As for implementor interest, we have done a joint TPAC 2019 presentation with Mozilla, with some more context on this thread (https://github.com/whatwg/storage/issues/2). But I've just requested a formal position here which will hopefully reflect this. Although no formal position from Safari at this point, they have actively participated in our discussions in TPAC 2019 [1] & TPAC 2020 [2].

[1] TPAC 2019 discussion: doc [2] TPAC 2020 discussion: minutes

Thank you!

Discussed Feb 15, 2021 (See Github)

Yves: is there an issue with partitioning?

Ken: we discussed this but don't recall the answer.

Yves: [leaves comment asking this]

Comment by @ylafon Feb 16, 2021 (See Github)

Hi, Just a quick question, as partitioning might happen in storage as well, how does it impact Storage Bucket API? Thanks

Comment by @ayuishii Mar 15, 2021 (See Github)

Hi @ylafon, Storage Buckets API won't conflict with storage partitioning efforts. We are in communication with the team and making sure the implementation design allows for both.

As for Storage Buckets API support in storage partitioning, it is still undecided. It will likely follow the pattern of other storage APIs and will be partitioned in 3rd party contexts. However, there is consideration of not allowing for Storage Buckets API in partitioned storage as well.

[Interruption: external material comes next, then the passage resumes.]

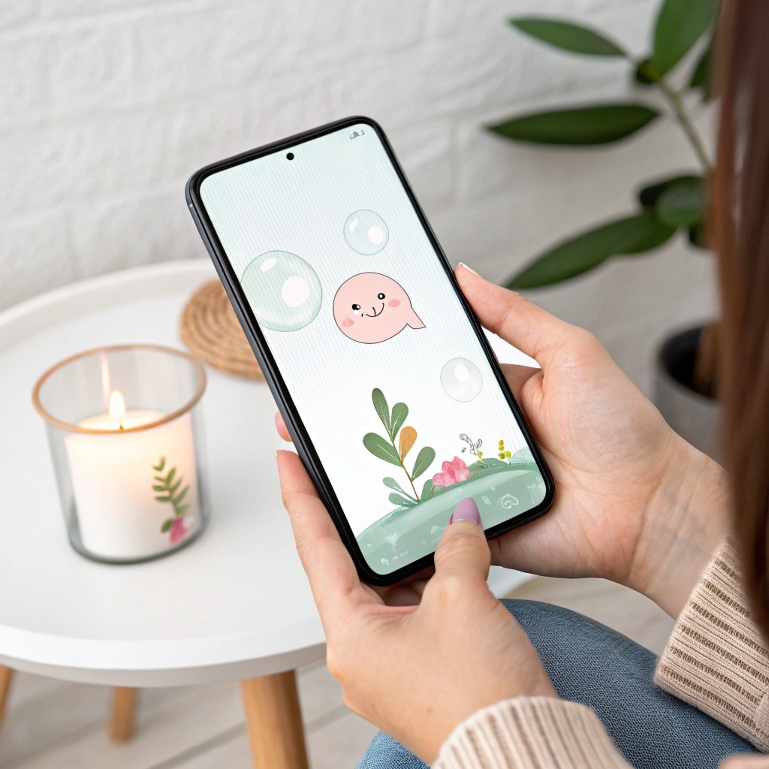 Headspace breathing animation app on phone with minimalist background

Discussed Apr 26, 2021 (See Github)

Hadley: I'm not sure they answered Yves' question. diff between storage buckets and partitioning?

Yves: organise buckets by yourself rather than by each file and resource..

Ken: control your own storage inside your own application. Like caching. You can say which is privacy sensitive..

Yves: or a bucket you pin in your cache.

Ken: per user per site. Site is in control. UI that says you can delete cache but have a bucket you don't want to delete. Site has more control over how caches are stored. Good with regulation, some data needs to be stored and treated in a specific way. Eg. right to be forgotten.. want to remove private info but not necessarily cached images.

Dan: positive from firefox, no signal from edge or safari

Yves: fine to clos

Comment by @ylafon Apr 28, 2021 (See Github)

Thank you for the clarification. To reiterate what @kenchris said: we are happy to see this move forward.